В конце концов, правда и свет взяли-таки свое, и беглецы мало-помалу как будто прозрели и одумались. Ну, и славно. Хвала небесам, что не весь солнечный луч погиб и потускнел. Есть еще на свете сила истины, которая однажды, рано или поздно, опять-таки поднимется на стременах и сядет в свое седло. Кто поживет, авось еще что-то хорошее у нас увидит.

Но каково вынести погром, нашествие иноплеменников, бегство своих, видеть бреши и проломы! Это чего-нибудь да стоит. Какую надо силу и живучесть, чтобы вынести все, что случилось, да еще так быстро, так неожиданно, так неотразимо! Тут, пожалуй, постареешь и сломишься скорее, гораздо раньше, чем обыкновенный ход дел сделал бы это. Неудача за неудачей, погибель за погибелью, убыль за убылью — поди-ка попробуй кто-нибудь снести все это на своих плечах. А легкомыслие, бегание из лагеря в лагерь, измена знамени — тоже никогда не оставят человека без изъяна: всегда оставят крупную царапину у него на душе, и ее потом никаким пластырем не затянешь и не сгладишь.

Подумайте только: из художника-создателя сделаться вдруг командиром и распорядителем; вместо того, чтобы только гнать вперед свое дело, а все общее, что товарищей равно может касаться, рассматривать и разрешать товарищескою мыслью и советом, — вместо этого сесть вдруг в кресло судьи и повелителя, с утра и до вечера командовать, взыскивать, требовать отчетов со всех концов своей страны, приказывать одно, запрещать другое, милостиво даровать то-то, отнять это-то — это, вы думаете, это ли все еще не развращает, не калечит, не портит художника? Несколько месяцев, а тем пуще несколько лет в такой каторге и котле, и художник становится неузнаваем. Он уже не прежний человек, он стал совсем другой кто-то. Что-то сухое, официальное, подчас даже немножко злое и желающее подкузьмить других, забирается в душу и точит там мрачные ходы. Много ли тут пользы приходит для чистого, светлого, бескорыстного чувства жизни и вдохновенного искусства? Ведь художник творит не кистью и пальцами, не внешними своими способностями и наживным уменьем, а всеми фибрами души, без остатка и резерва какого-нибудь, весь сам, от макушки головы и до пяток ног.

От этого-то всего нынешняя выставка передвижников вышла нынче, на мои глаза, знаете чем? Москвой и Севастополем после нашествия французов.

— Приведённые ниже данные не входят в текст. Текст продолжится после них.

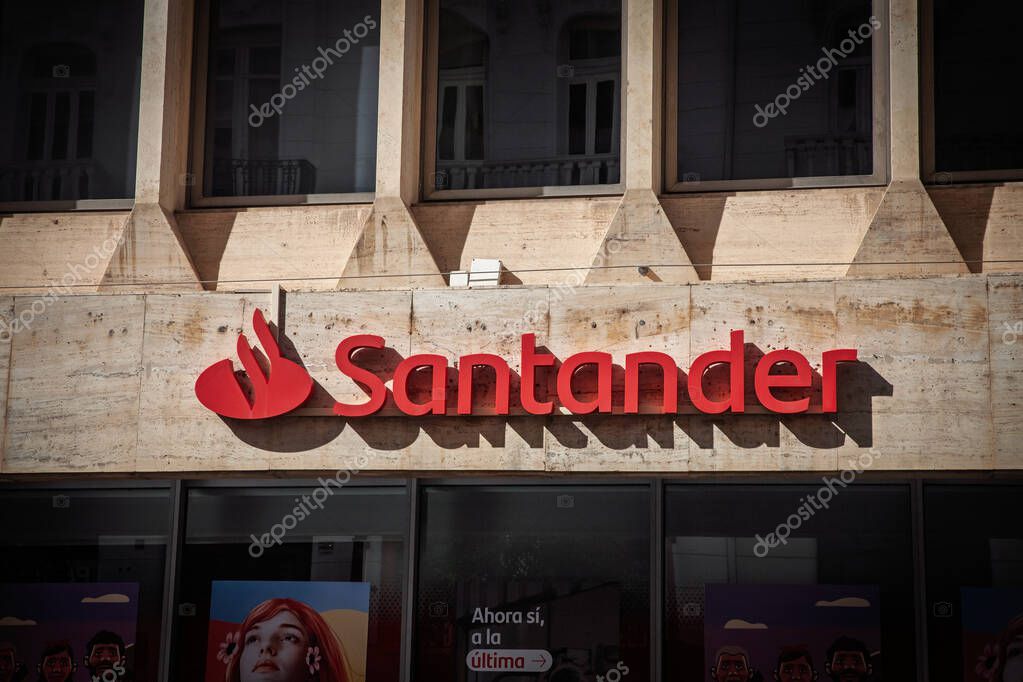 VALENCIA, SPAIN - APRIL 6, 2025: Logo of Santander Bank on their local office in Valencia. Banco Santander is a spanish retail and corporate bank with branches in Europe.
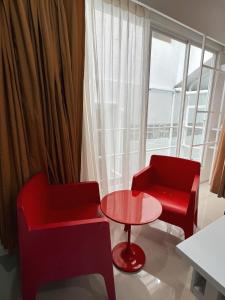 a living room with two red chairs and a table at The Color Kata in Kata Beach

Развалины да разрушения, провалившиеся стены и потолки, обгорелые бревна, порубленные окна, простреленные двери, валяющаяся мебель, ломаные диваны и стулья, вытасканные тюфяки, рассыпанный пух из подушек. Бродят среди исковерканных улиц и мостовых люди, усталые, изможденные, — все равно, и свои уцелевшие, и свои воротившиеся. Видно для всех глаз: большой, великолепный, чудесный был город, но что из него вышло! Что из него сделали!

Давайте взглянем пристальнее.

А впрочем, как бы там ни было, а чья взяла, кто победил?

Правда.

Живого и нетронутого у нас еще довольно все-таки осталось.